You don't mention how much exposure protection your husband had on but in the tropics it was probably light. Given this, 30 lbs on the belt is way, way too much weight unless he is very fat. If 30 lbs is correct I suspect that your problem may have been this weight belt as I describe below.

If you put far too much weight on the belt you become significantly negatively buoyant. You therefore must add a lot of air to your BC to compensate. But, that amount of air will be correct for only one depth. Remember that as you go up or down the air in the BC will expand or compress and your buoyancy will change.

With too much weight on the belt you also have to have way too much air in the BC (or more accurately far more air than you would need if you were properly weighted). This large air volume makes for larger buoyancy swings as you go up and down in the water column during your dive and requires you to add or remove larger amounts of air to adjust buoyancy. (If you dive from surface down to 60 ft. the volume of air in your BC will reduce by 66%. If you need to have a lot of air in your BC at surface then at 60 ft the amount of water displaced by you and your gear will be significantly less. If you have little or no air in your BC at surface then 66% of nothing is nothing and your displaced volume changes little at 60 ft, mostly just whatever compression of your wetsuit occurs.

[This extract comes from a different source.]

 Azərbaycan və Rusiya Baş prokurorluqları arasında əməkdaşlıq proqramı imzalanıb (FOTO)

Therefore your buoyancy changes little.) The addition and removal of large amounts of air to adjust buoyancy takes time and is difficult to get right. You can get into an adjustment feed back loop where you are constantly adding and taking out air, over and under correcting, never getting it right and never having the right buoyancy. If you come up from any significant depth you can also get into a runaway ascent if you aren't dumping enough air.

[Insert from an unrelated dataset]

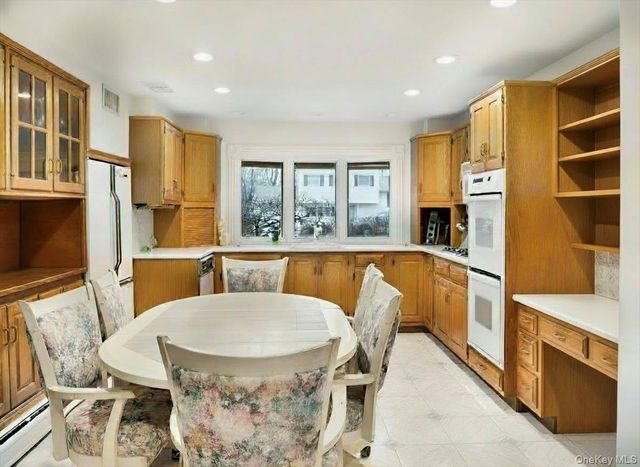 3 Carlton Road, Orangeburg, NY 10962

Over weighting instead of correct or under weighting can sometimes feel like a comfort to new divers but significant overweighting can be dangerous. If you have a BC bladder failure and are diving wet you will have to swim that weight up from depth.

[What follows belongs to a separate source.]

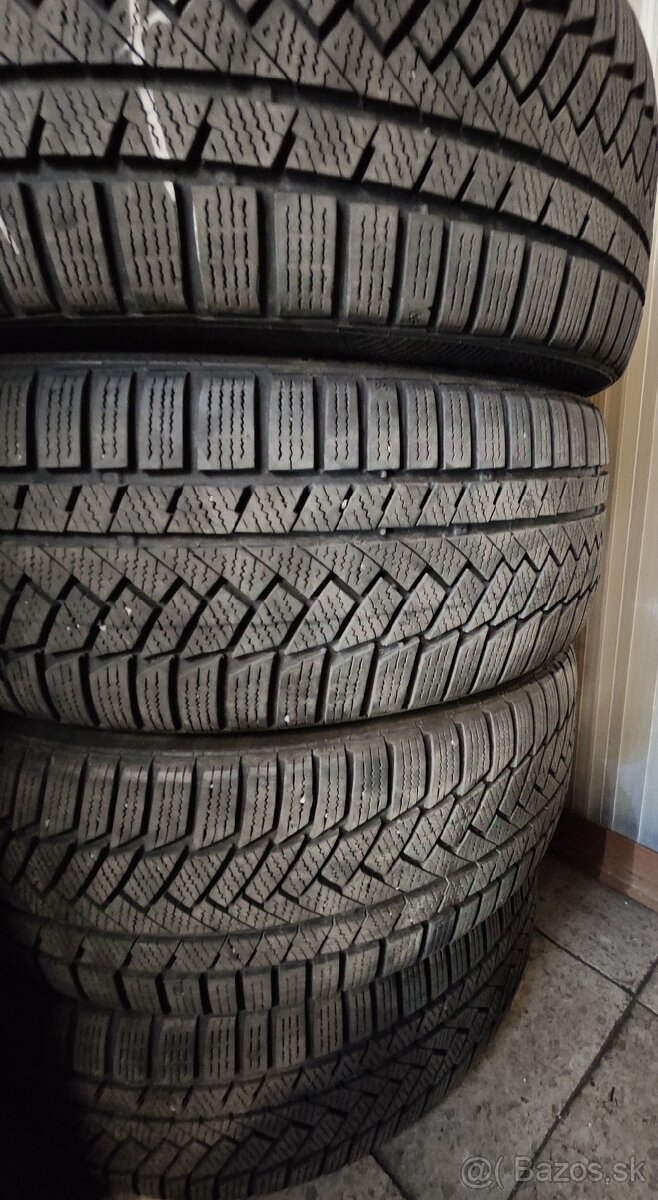 Zimné pneumatiky 225/40R18 92V XL Continental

Next time I think that you should get some advice about proper weighting and dive with much less lead. Keep a written record of how much weight you need with different gear setups (I assume you are renting on these travel dives?). I keep this record in my dive log. You can try practice in a pool but diving in salt water will require a bit more weight.

All of this assumes you were correct on your guess of how much weight he had on. Oddly enough being overweighted or underweighted can both cause positive buoyancy problems. A Luxfer Al 80 tank weighs 5.8 lbs more full than empty. During the course of your dive you can easily loose up to 5 lbs of weight. This can cause you to become buoyant late in the dive if you don't have enough weight. Either way you probably need to practice your skills and pay attention to weighting.
 
IMHO I don't think the problem arose from quitting the cancer sticks. I think it was probably from lack of diving and staying tuned in to skills.

Even though you are landlocked, working etc. there are still ways to maintain skills to some degree. I would approach the LDS, especially right before you are going on a trip, and request some confined water dives in the local pool they use for training. They might assess you a nominal charge but it is worth it to check out your equipment and yourself to make sure you are up to speed.

Just my thoughts on the situation.
 
Assuming no health issues (wouldn't hurt to check). Get with an instructor for a refresher amd maybe an advanced class. And go diving. Skills that are not used are lost. The less of a hold you have on them the quicker you loose them. You can't get more landlocked than me, I live in Indiana, and we dive every weekend year round. You might like the tropics better but you will like the tropics even better if you actually get to dive them. You are missing some good diving.